[Problem description] Character for character, transcribe the entries below, minus the images.

─── Provided data ───

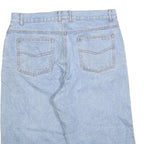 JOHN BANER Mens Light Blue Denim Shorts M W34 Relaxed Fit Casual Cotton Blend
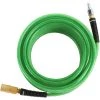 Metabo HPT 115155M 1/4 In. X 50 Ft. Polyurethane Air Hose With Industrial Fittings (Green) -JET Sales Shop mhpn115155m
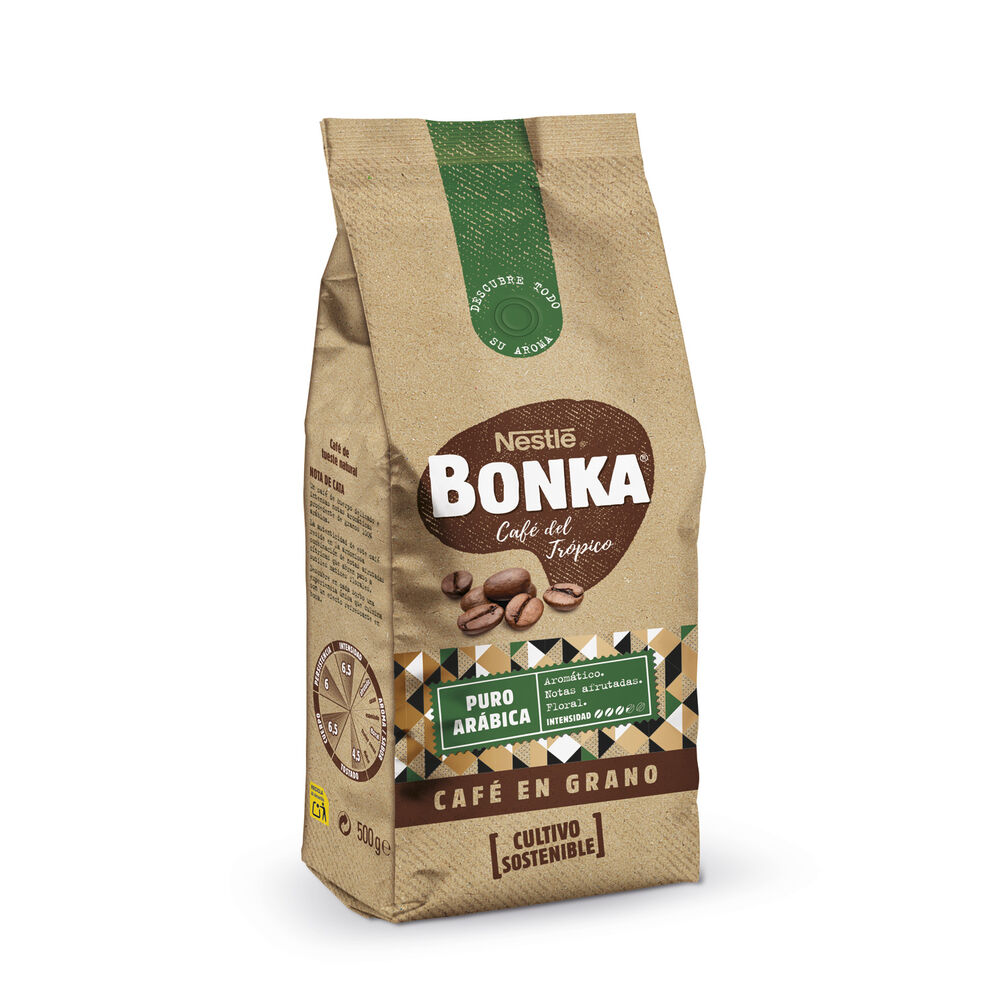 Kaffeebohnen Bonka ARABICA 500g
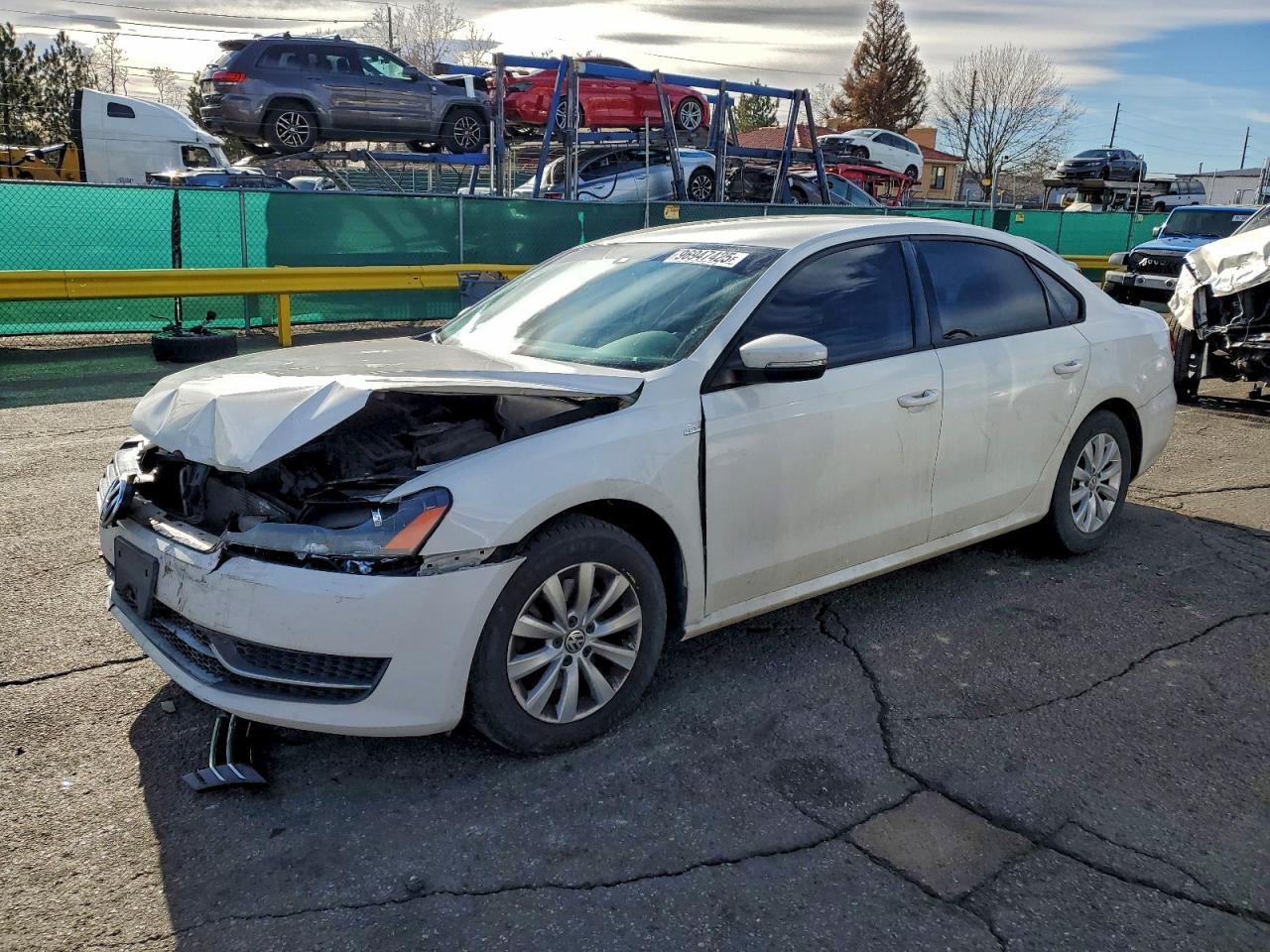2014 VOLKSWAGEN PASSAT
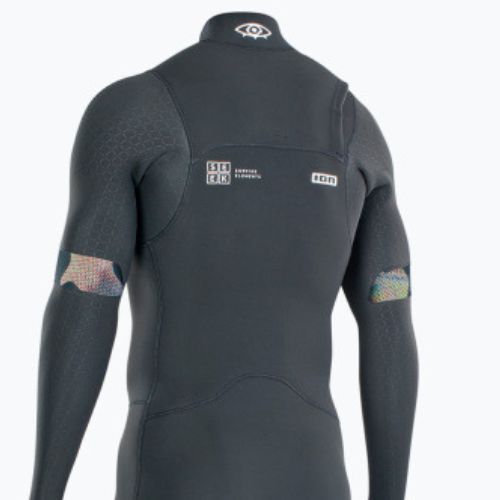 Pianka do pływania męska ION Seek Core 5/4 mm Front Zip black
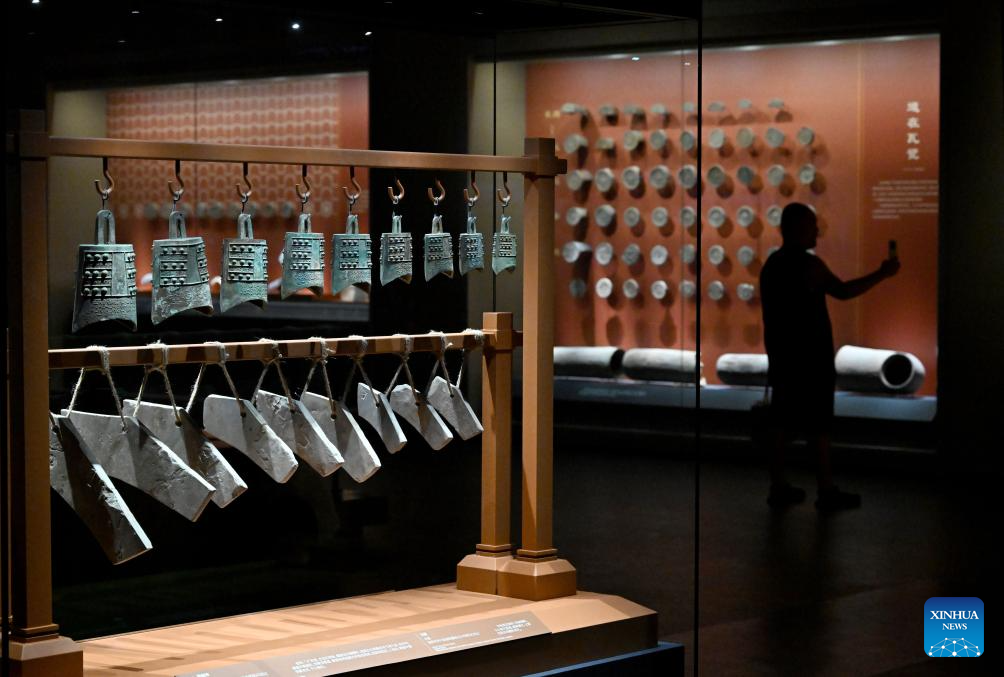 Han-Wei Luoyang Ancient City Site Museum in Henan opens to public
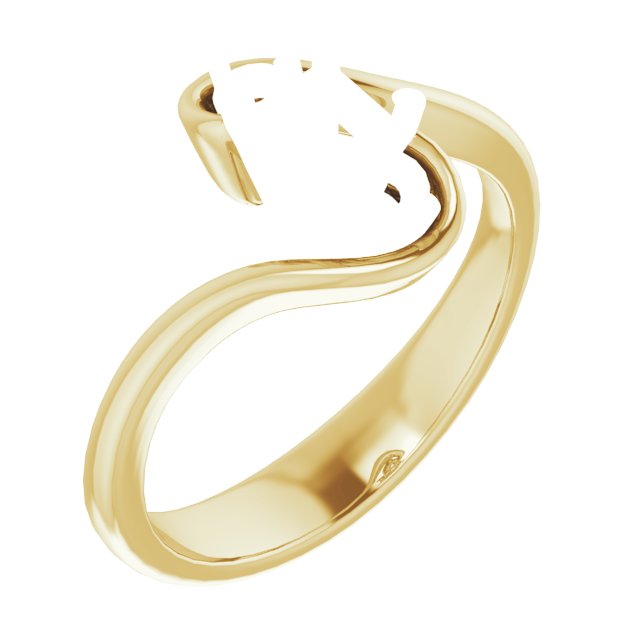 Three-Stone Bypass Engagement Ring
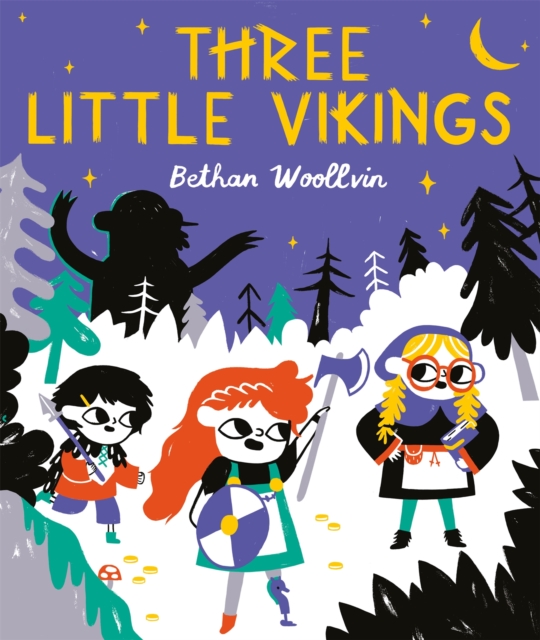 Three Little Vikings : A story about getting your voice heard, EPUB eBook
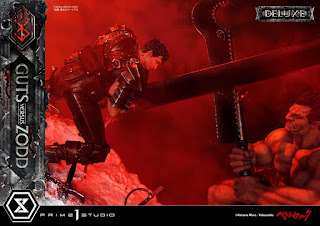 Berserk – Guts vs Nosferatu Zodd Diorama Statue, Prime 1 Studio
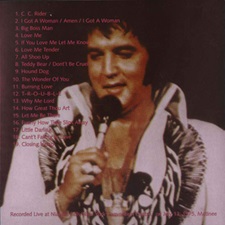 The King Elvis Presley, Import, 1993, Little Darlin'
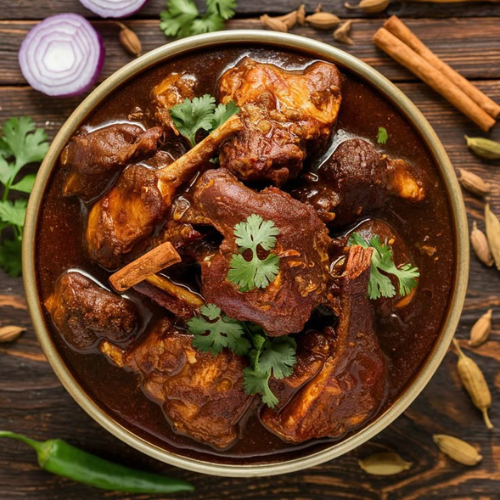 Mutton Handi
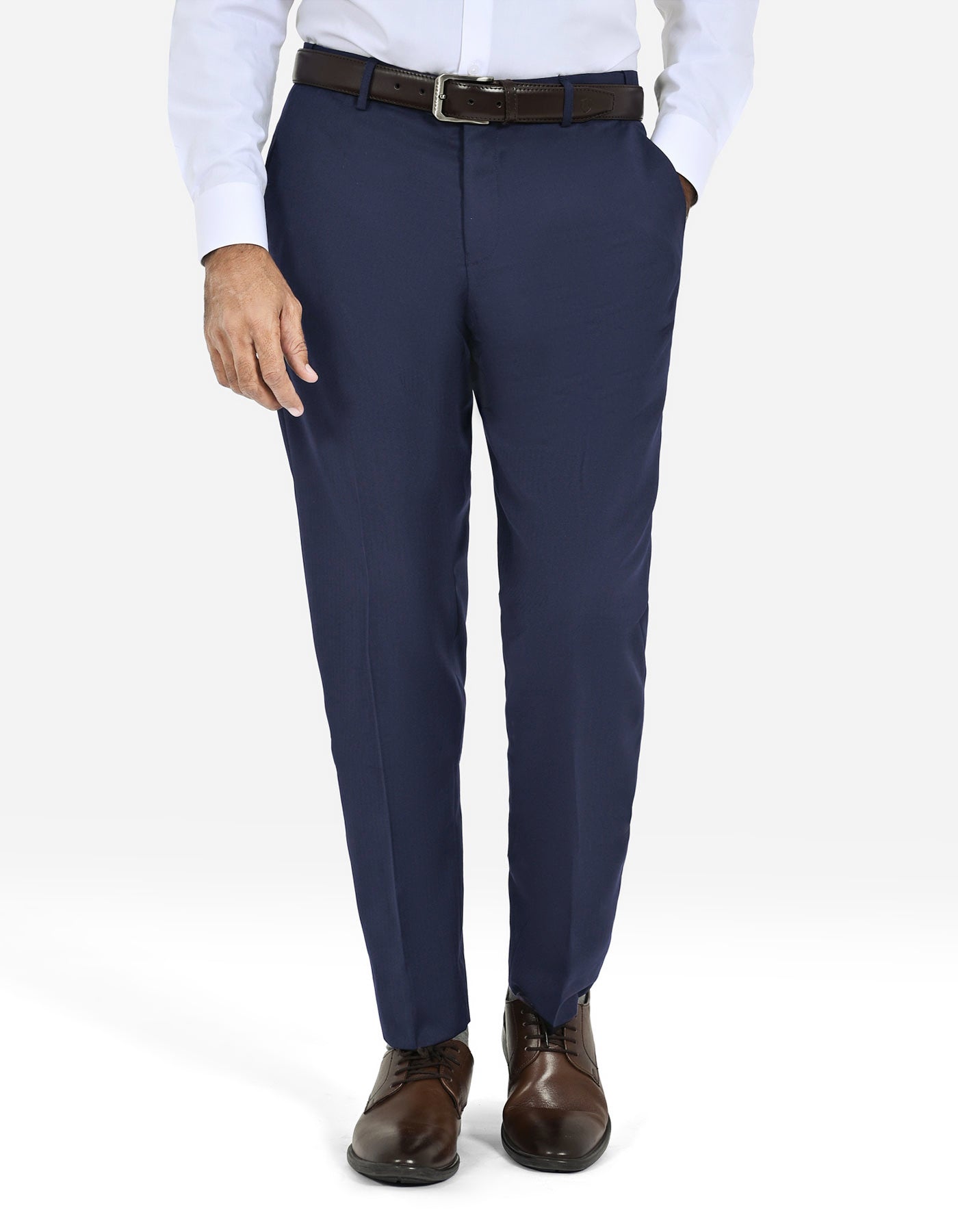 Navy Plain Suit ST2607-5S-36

───

[Solved problem]
 JOHN BANER Mens Light Blue Denim Shorts M W34 Relaxed Fit Casual Cotton Blend
 Metabo HPT 115155M 1/4 In. X 50 Ft. Polyurethane Air Hose With Industrial Fittings (Green) -JET Sales Shop mhpn115155m
 Kaffeebohnen Bonka ARABICA 500g
2014 VOLKSWAGEN PASSAT
 Pianka do pływania męska ION Seek Core 5/4 mm Front Zip black
 Han-Wei Luoyang Ancient City Site Museum in Henan opens to public
 Three-Stone Bypass Engagement Ring
 Three Little Vikings : A story about getting your voice heard, EPUB eBook
 Berserk – Guts vs Nosferatu Zodd Diorama Statue, Prime 1 Studio
 The King Elvis Presley, Import, 1993, Little Darlin'
 Mutton Handi
 Navy Plain Suit ST2607-5S-36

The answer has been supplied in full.